_Information supplied:_
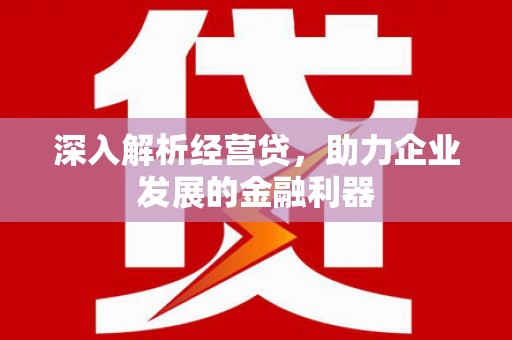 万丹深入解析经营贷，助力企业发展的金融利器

--

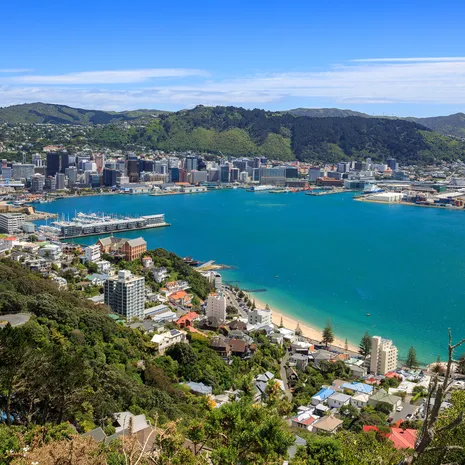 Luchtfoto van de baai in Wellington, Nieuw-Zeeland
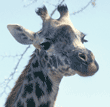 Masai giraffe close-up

_What you have to do:_ Please output, exactly as written, the lines above from the one holding "Luchtfoto van de" through the one holding "Masai giraffe close-up", both included, with the pictures omitted.

_Exercise solution:_
 Luchtfoto van de baai in Wellington, Nieuw-Zeeland
 Masai giraffe close-up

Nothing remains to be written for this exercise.